History

United States
- Name: LSM-319
- Builder: Pullman-Standard Car Manufacturing Company, Chicago, Illinois
- Commissioned: 10 August 1944
- Decommissioned: 14 June 1946
- Stricken: 14 June 1946
- Fate: Sold to Australia

Australia
- Name: Harry Chauvel
- Namesake: General Sir Harry Chauvel
- Commissioned: 16 July 1959
- Decommissioned: 30 September 1971
- Fate: sold and foundered at sea while under tow

General characteristics
- Class & type: LSM-1 Class Landing Ship Medium
- Displacement: 638 tons
- Length: 203 ft (62 m)
- Beam: 34 ft (10 m)
- Draft: 6 ft (1.8 m) light, 5 ft (1.5 m) loaded
- Propulsion: two Fairbanks Morse 18 cylinder opposed piston diesels, each 1,900 hp (1,400 kW), twin screws
- Speed: 14.5 knots (26.9 km/h)
- Range: 5,000 nmi (9,300 km; 5,800 mi)
- Capacity: Up to 306 tons, including four Centurion tanks
- Complement: 2 officers, 25 men
- Sensors & processing systems: Radar
- Armament: 1 × 40mm gun, 4 × 20mm gun mounts
- Armour: 10-lb. STS splinter shield to gun mounts, pilot house and conning station

= Australian landing ship medium Harry Chauvel =

1944 LSM-1-class landing ship medium

The Australian landing ship medium Harry Chauvel (AV 1353) was a United States Navy landing ship medium which was later sold to Australia and operated by the Australian Army.

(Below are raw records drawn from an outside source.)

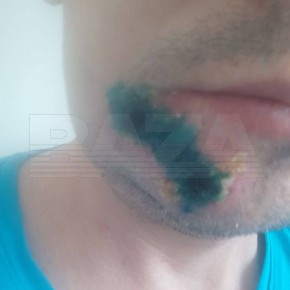 В Подмосковье зафиксирован подтверждённый случай оспы обезьян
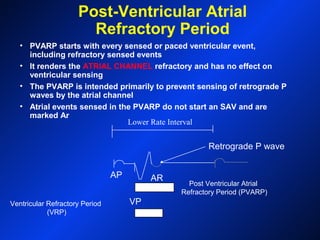 Post Ventricular Atrial
Refractory Period (PVARP)
Post-Ventricular Atrial
Refractory Period
• PVARP starts with every sensed or paced ventricular event,
including refractory sensed events
• It renders the ATRIAL CHANNEL refractory and has no effect on
ventricular sensing
• The PVARP is intended primarily to prevent sensing of retrograde P
waves by the atrial channel
• Atrial events sensed in the PVARP do not start an SAV and are
marked Ar
AP
VPVentricular Refractory Period
(VRP)
Retrograde P wave
Lower Rate Interval
AR
 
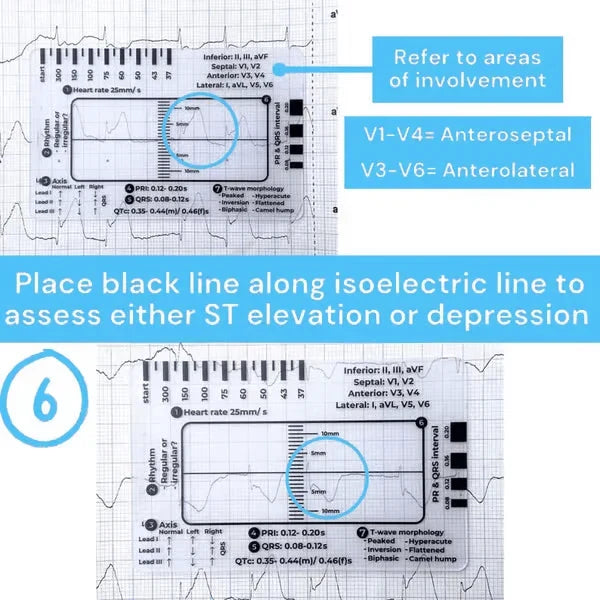MediTrack – Professional ECG Assessment Pocket Guide
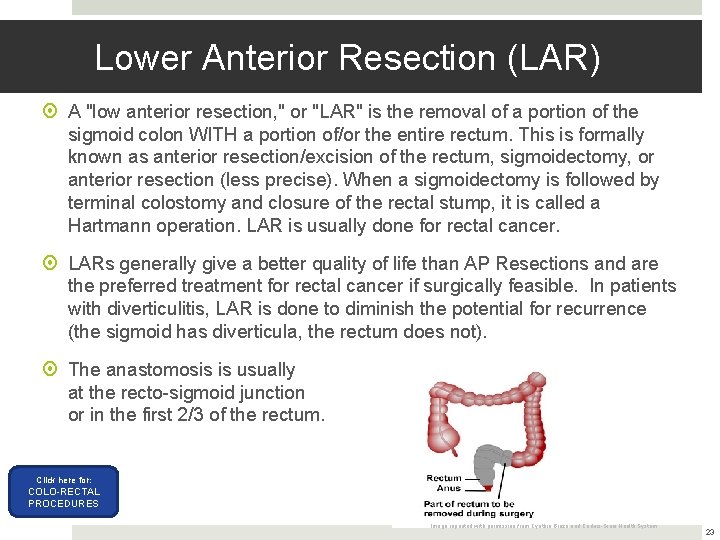 Lower Anterior Resection (LAR) A "low anterior resection, " or "LAR" is the removal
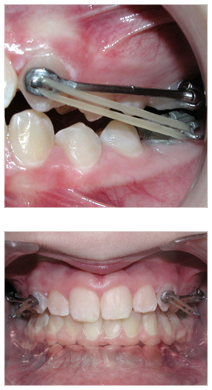 Carriere appliance on patients teeth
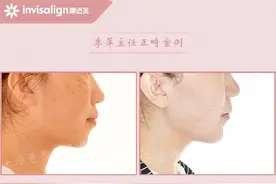 太原牙齿矫正：优先拔除坏牙，前移智齿图片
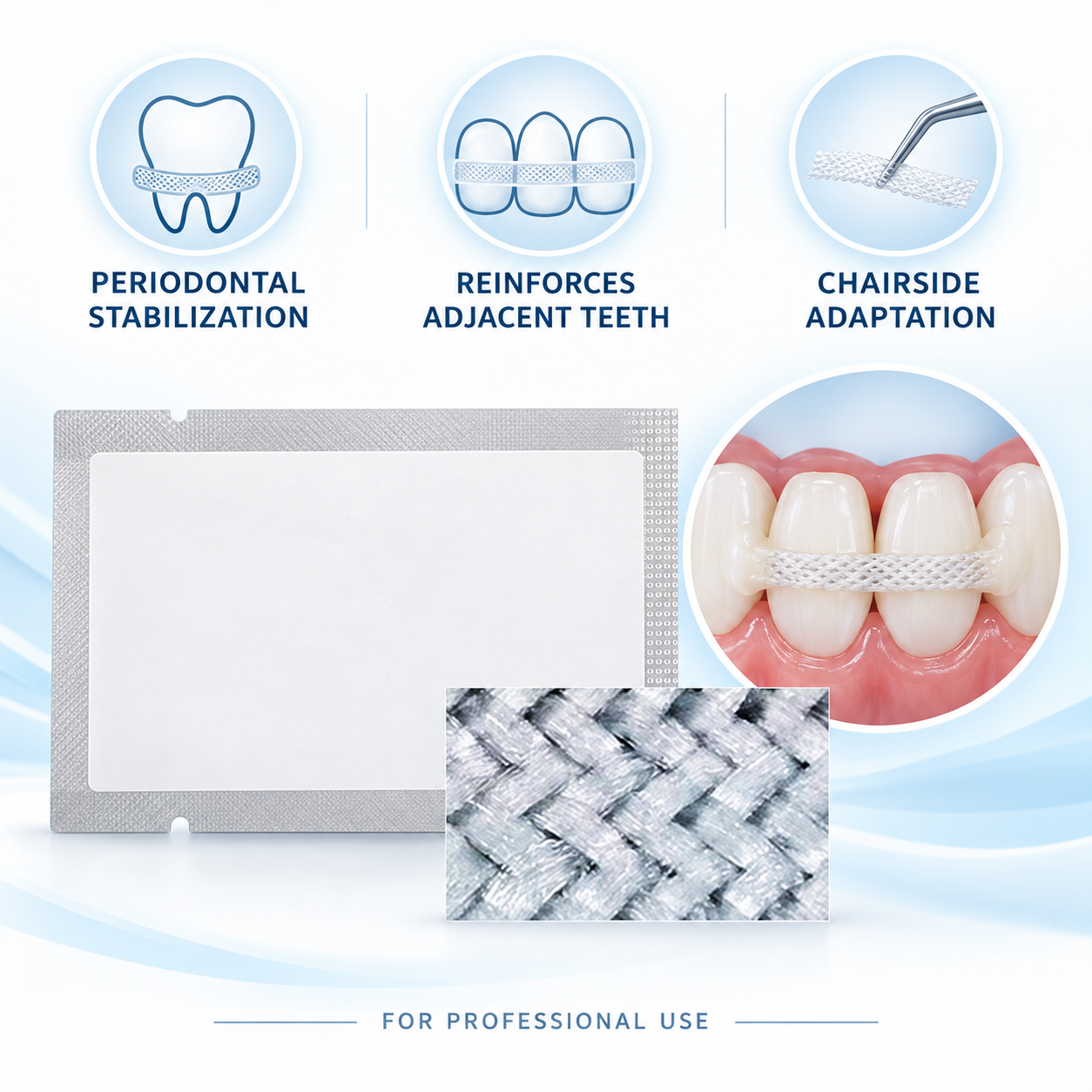 Dental Periodontal Splint Fiber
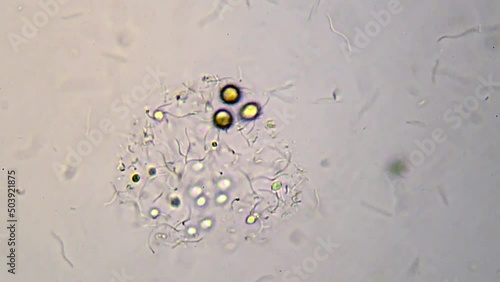 microorganisms in a drop of water from a freshwater lake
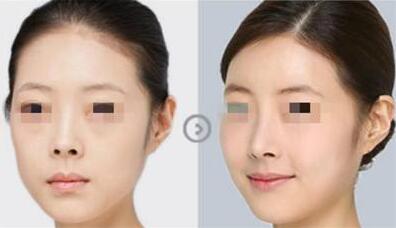 隆鼻固定膠帶幾天去掉?多久可以撕?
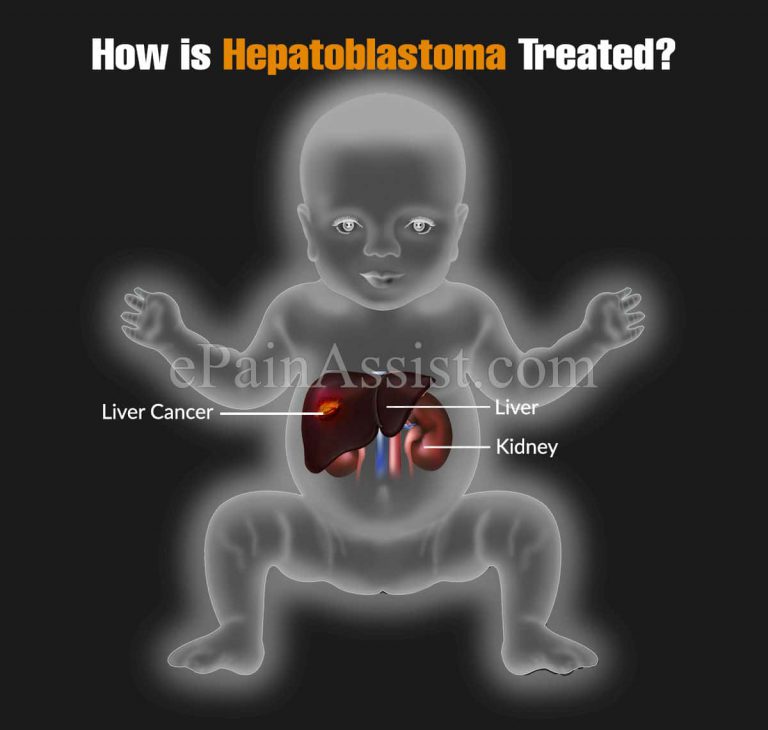 How is Hepatoblastoma Treated, Know the Survival Rate, Stages, Risk Factors, Causes, Symptoms, Pathophysiology of  Hepatoblastoma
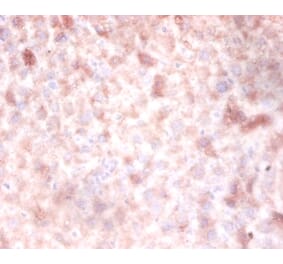 Immunohistochemistry - DNA (cytosine-5) methyltransferase3A Polyclonal Antibody from Signalway Antibody (42151)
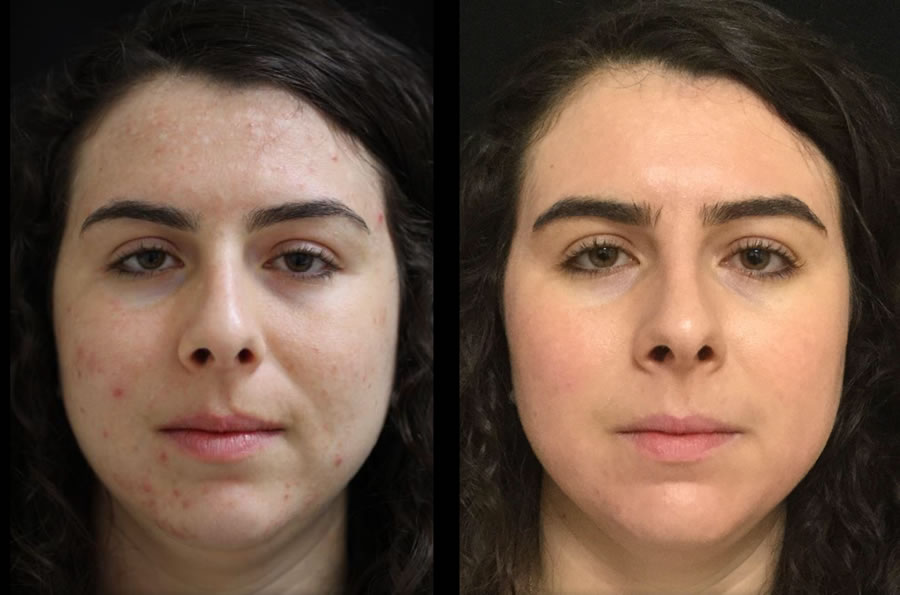 Acne Scar Treatment in Vietnam: Restore Smooth and Even Skin Texture 5 Acne Scar Treatment in Vietnam 3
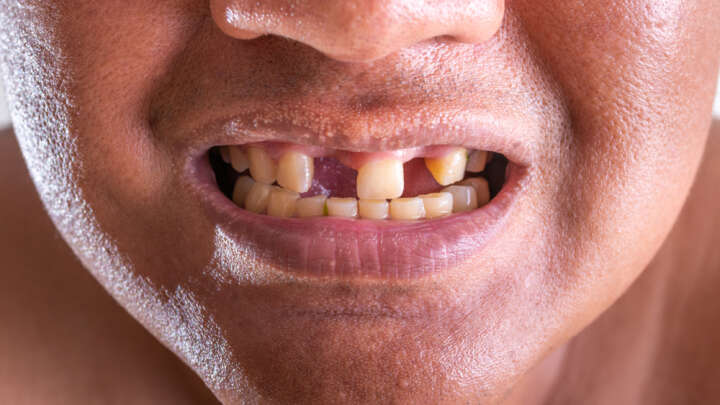 Rigenerazione dei denti persi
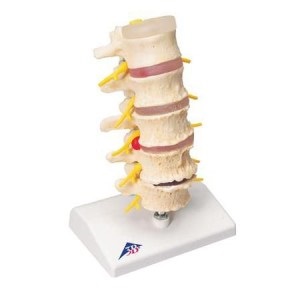 Manifestarea herniilor coloanei vertebrale se poate dizolva dispar, după cum se poate vedea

The ship was built by the Pullman-Standard Car Manufacturing Company in Chicago, Illinois and was commissioned into the United States Navy (USN) as USS LSM-319 on 10 August 1944. She was assigned to the Pacific Theater of Operations and saw action during the liberation of the Philippines during 1944 and 1945. Following the war she was decommissioned on 14 June 1946 and laid up in the Pacific Reserve Fleet.

The ship was purchased by the Australian Army on 16 July 1959 and was named Harry Chauvel (AV 1353) in honour of the Australian World War I general Harry Chauvel. The ship was one of four LSMs operated by the newly formed 32nd Small Ship Squadron, Royal Australian Engineers and was refitted in Japan before she arrived in Australia on 31 December 1959. From 1960 to 1964 Harry Chauvel supported Australian Army exercises and operated in a survey role on two occasions. In May 1964 she sailed for Malaysia and briefly took part in the Indonesian Confrontation in Borneo. During the late 60s the ship supported Australian Army exercises in Australian, New Guinea and New Zealand and made three voyages to South Vietnam to support the Australian units deployed there.

Harry Chauvel was decommissioned on 30 September 1971 when the 32nd Small Ship Squadron was disbanded. She was sold to Pacific Logistics in September 1971 and was renamed Paclog Dispatch. The ship foundered while under tow from Sydney to the Philippines.